Tiki taka—gaya permainan sepak bola yang dikenal dengan umpan-umpan pendek, penguasaan bola, dan pergerakan tanpa bola—sering dikaitkan dengan kejayaan Barcelona di era 2000-an. Namun, akar dari strategi ini sebenarnya bermula jauh sebelum itu, dari seorang legenda Belanda: Johan Cruyff.

Cruyff bukan cuma pemain hebat yang bersinar bersama Ajax dan Barcelona, tapi juga pelatih visioner. Saat menukangi Barcelona antara tahun 1988 hingga 1996, ia membawa filosofi sepak bola total dari Belanda dan menerapkannya di Camp Nou.
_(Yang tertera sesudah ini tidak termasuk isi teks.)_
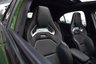 USED 2016 16 MERCEDES-BENZ A-CLASS 2.0 A45 AMG (Premium) Hatchback 5dr Petrol SpdS DCT 4MATIC Euro 6 (s/s) (381 ps) HARMON KARDON / SPORTS EXHAUST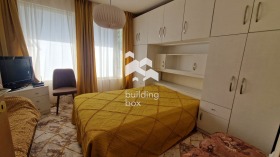 2-СТАЕН, 70 m2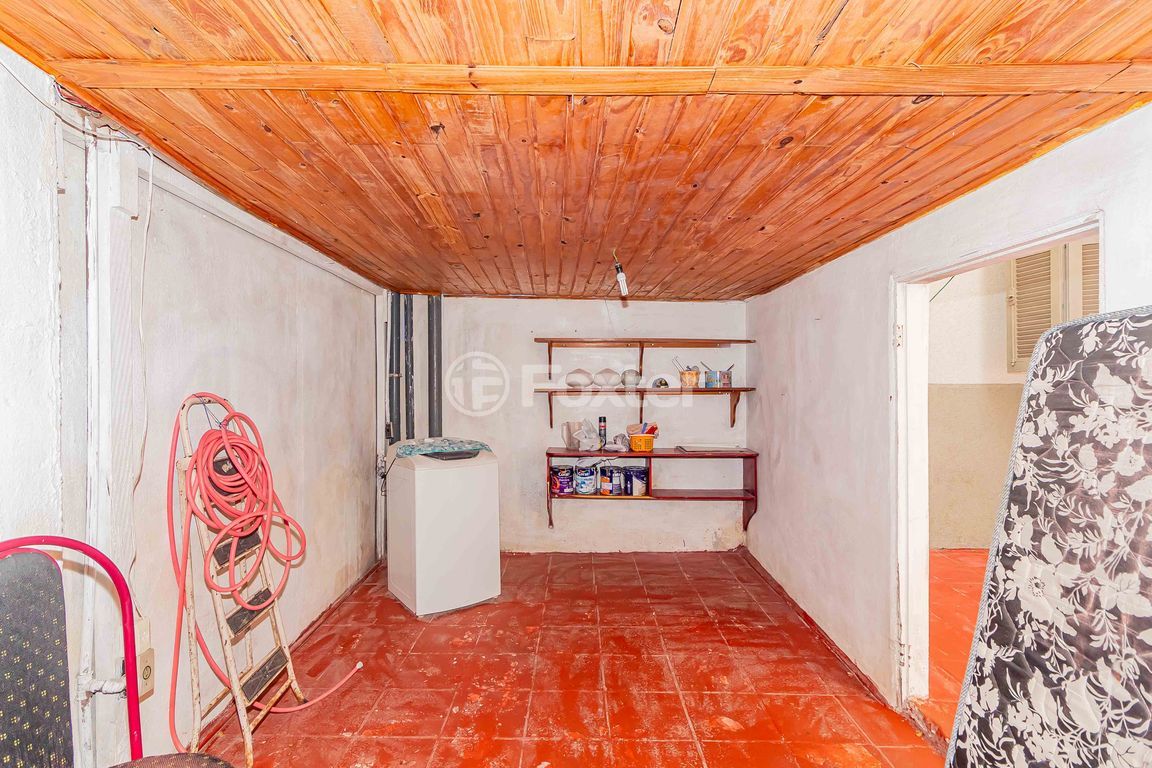 Apartamento para comprar em Professor Freitas e Castro, 517 - foto 28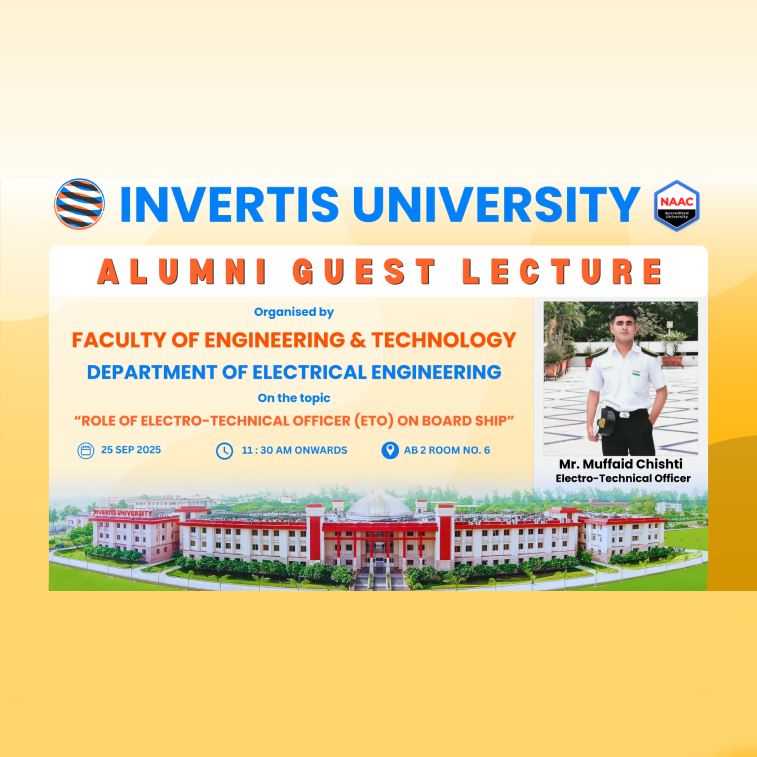Events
Ia meyakini bahwa penguasaan bola dan kerja sama tim jauh lebih penting daripada hanya mengejar hasil instan.

Dari sinilah benih tiki taka ditanam. Cruyff membangun tim dari akademi La Masia dengan menekankan teknik, kecerdasan taktik, dan keberanian menguasai bola di segala situasi. Gaya ini kemudian sempurna di bawah Luis Enrique dan Pep Guardiola—yang dulu adalah anak asuh Cruyff.

Jadi, meskipun istilah "tiki taka" baru populer belakangan, otak di balik filosofi ini jelas adalah Johan Cruyff. Ia tak hanya mengubah cara Barcelona bermain, tapi juga memengaruhi cara dunia memandang sepak bola modern. Gaya permainan yang indah, efektif, dan penuh kontrol—semua itu tak lepas dari warisan sang maestro Belanda.